When you have something that’s broken, do you fix it or throw it away? Many of the products we buy today, especially electronics, have become disposable commodities that are more cost-effective to replace than repair.
Unfortunately, this same attitude has transferred over to many other areas of lives, particularly relationships. If a relationship no longer works for us, we’re quick to throw it away and look for another one to replace it. In describing the generational attitude of her parents who recently celebrated their 35th anniversary, an acquaintance said “they are of a generation that when something broke, they fixed it instead of throwing it away.” She was specifically talking about their view on relationships, not possessions.
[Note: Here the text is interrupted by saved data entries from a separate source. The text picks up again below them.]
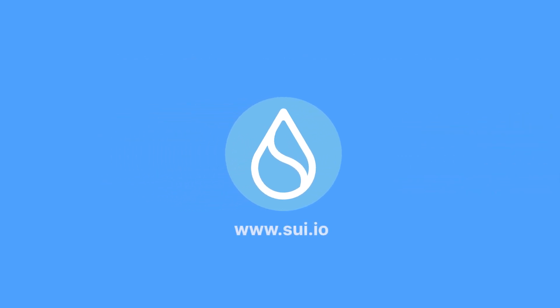If you'd like to learn more about Sui, head over to sui.io today to get started.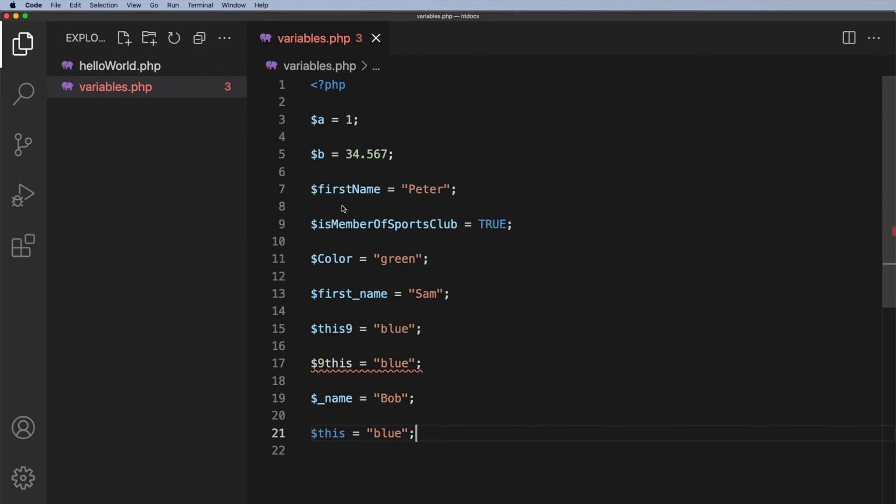The other thing is to make your variable names descriptive so when you come back to them in a few weeks, months, years time you know exactly what they are, and finally never use the variable name $this.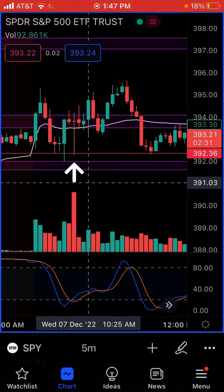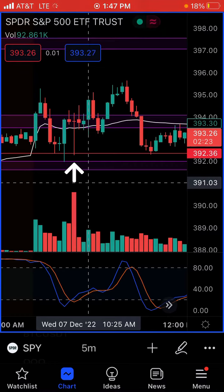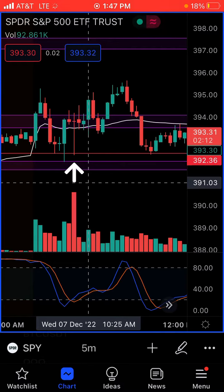I drew a red line manually — that is my stop loss. What I'm doing is waiting on a candle close beyond that red line to stop out, and by stop out I mean market sell. A lot of times I would wick out and take a loss.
It got me thinking about the value we place on relationships at work. When a relationship needs repairing in the workplace, what’s your instinct? Do you try to fix it or just throw it away?
Relationships have an inherent value that goes beyond the surface-level, transactional nature of workplace interactions, and each exchange you have with a co-worker is an opportunity to enrich or degrade the relationship. My friend Jon Mertz recently wrote a blog article about the importance of understanding the type of “wake” you leave behind in your interactions with others. People interested in building high-trust relationships understand the importance of leaving behind a wake of integrity, sincerity, and authenticity in their associations with colleagues.
When it comes to repairing a broken relationship, if it’s important to you, you’ll find a way. If not, you’ll find an excuse.
Granted, it takes two people to be in relationship, and if one party isn’t willing to fix what’s broken, it may not be possible to fully repair it. However, the only thing that each of us ultimately controls is our own actions. Leading with trust means reaching for the greater good that exists within us, placing a premium value on our relationships, and making the effort to repair what’s broken rather than throwing it away. Relationships aren’t easily replaced.